++++ Data excerpt ++++

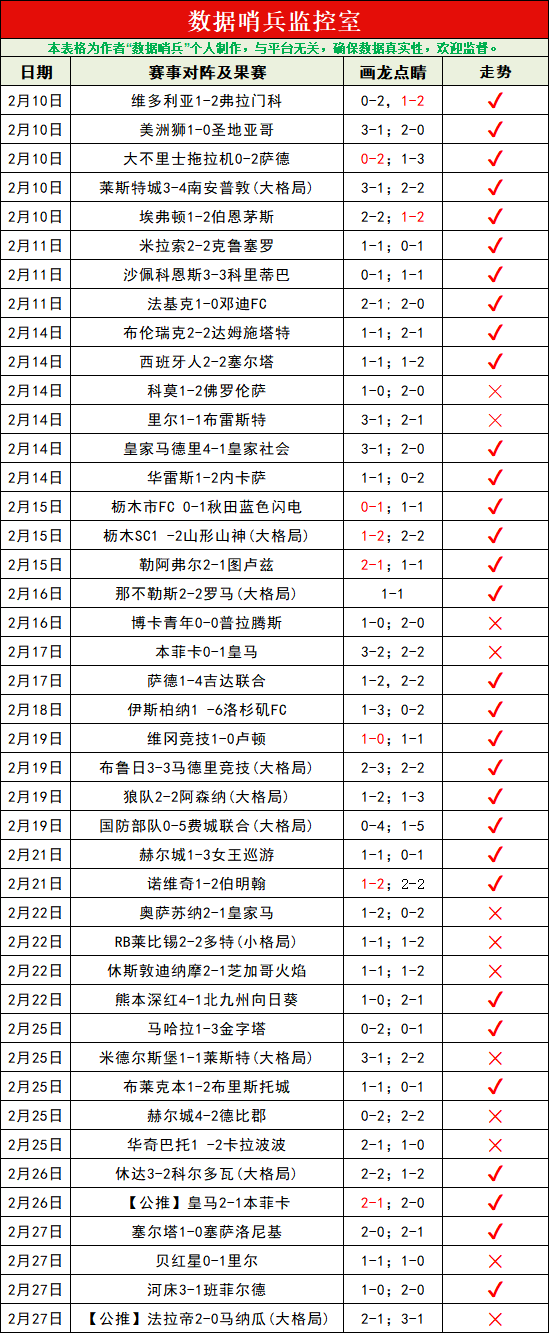 土耳其名帅,蒙特拉力荐,居莱尔加盟,SABA沙巴体育,沙巴体育官网,沙巴体育平台,沙巴体育官网入口
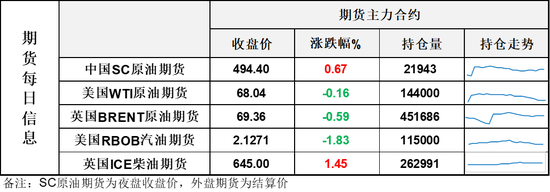 紧张！周日谈不好，以色列会打击伊朗？地缘溢价顶在高位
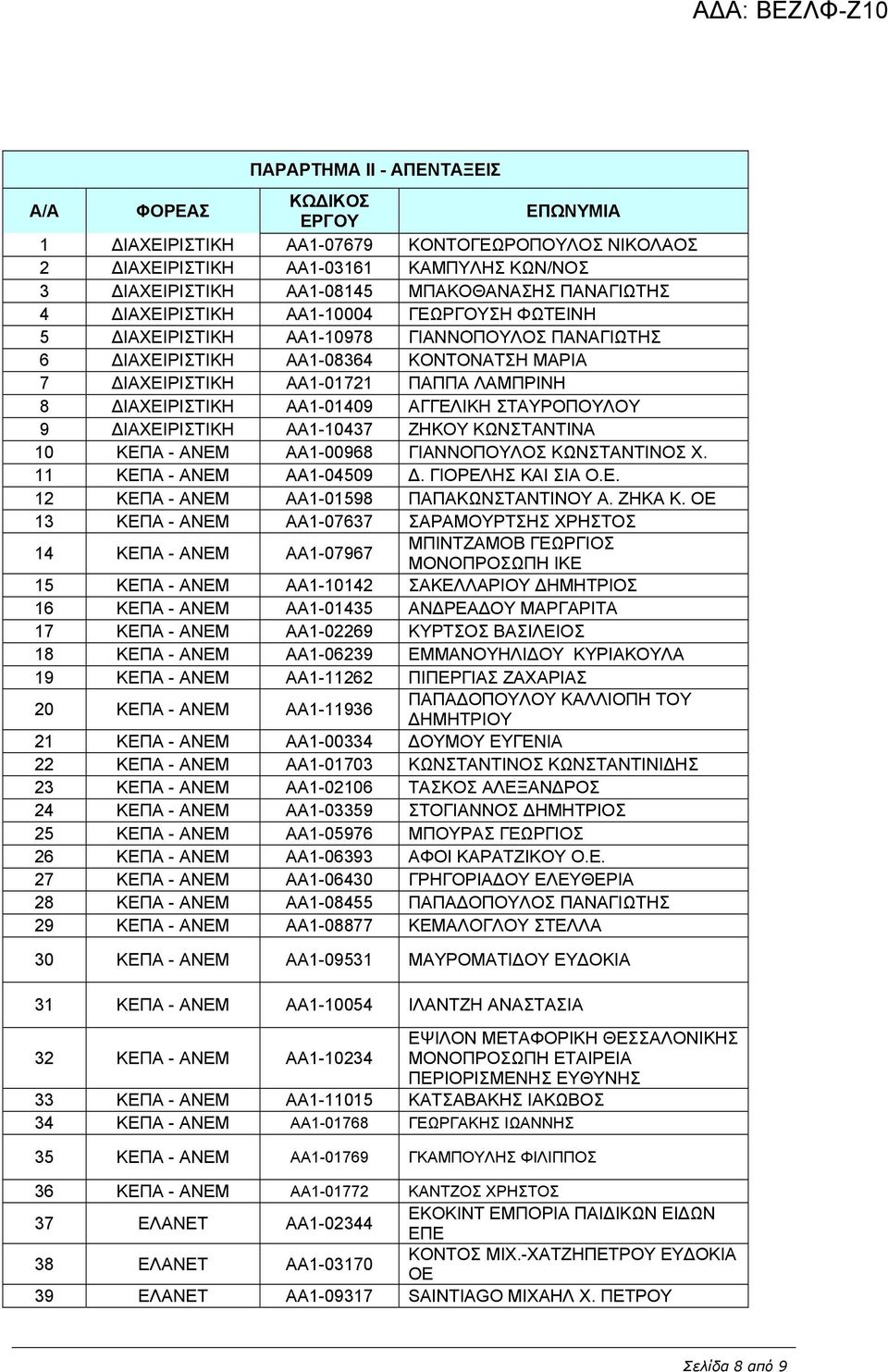 ΙΑΧΕΙΡΙΣΤΙΚΗ AA1-10437 ZHKOY ΚΩΝΣΤΑΝΤΙΝΑ 10 ΚΕΠΑ - ΑΝΕΜ ΑΑ1-00968 ΓΙΑΝΝΟΠΟΥΛΟΣ ΚΩΝΣΤΑΝΤΙΝΟΣ Χ. 11 ΚΕΠΑ - ΑΝΕΜ ΑΑ1-04509. ΓΙΟΡΕΛΗΣ ΚΑΙ ΣΙΑ Ο.Ε. 12 ΚΕΠΑ - ΑΝΕΜ ΑΑ1-01598 ΠΑΠΑΚΩΝΣΤΑΝΤΙΝΟΥ Α. ΖΗΚΑ Κ.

++++

§ **Description of the task**: Beginning with the line that contains "紧张！周日谈不好，以色列会打击伊朗？地缘溢价顶在高位" and ending with the final line of the material, reproduce those lines exactly and nothing else. Omit the pictures.

§ **Response below**:
 紧张！周日谈不好，以色列会打击伊朗？地缘溢价顶在高位
 ΙΑΧΕΙΡΙΣΤΙΚΗ AA1-10437 ZHKOY ΚΩΝΣΤΑΝΤΙΝΑ 10 ΚΕΠΑ - ΑΝΕΜ ΑΑ1-00968 ΓΙΑΝΝΟΠΟΥΛΟΣ ΚΩΝΣΤΑΝΤΙΝΟΣ Χ. 11 ΚΕΠΑ - ΑΝΕΜ ΑΑ1-04509. ΓΙΟΡΕΛΗΣ ΚΑΙ ΣΙΑ Ο.Ε. 12 ΚΕΠΑ - ΑΝΕΜ ΑΑ1-01598 ΠΑΠΑΚΩΝΣΤΑΝΤΙΝΟΥ Α. ΖΗΚΑ Κ.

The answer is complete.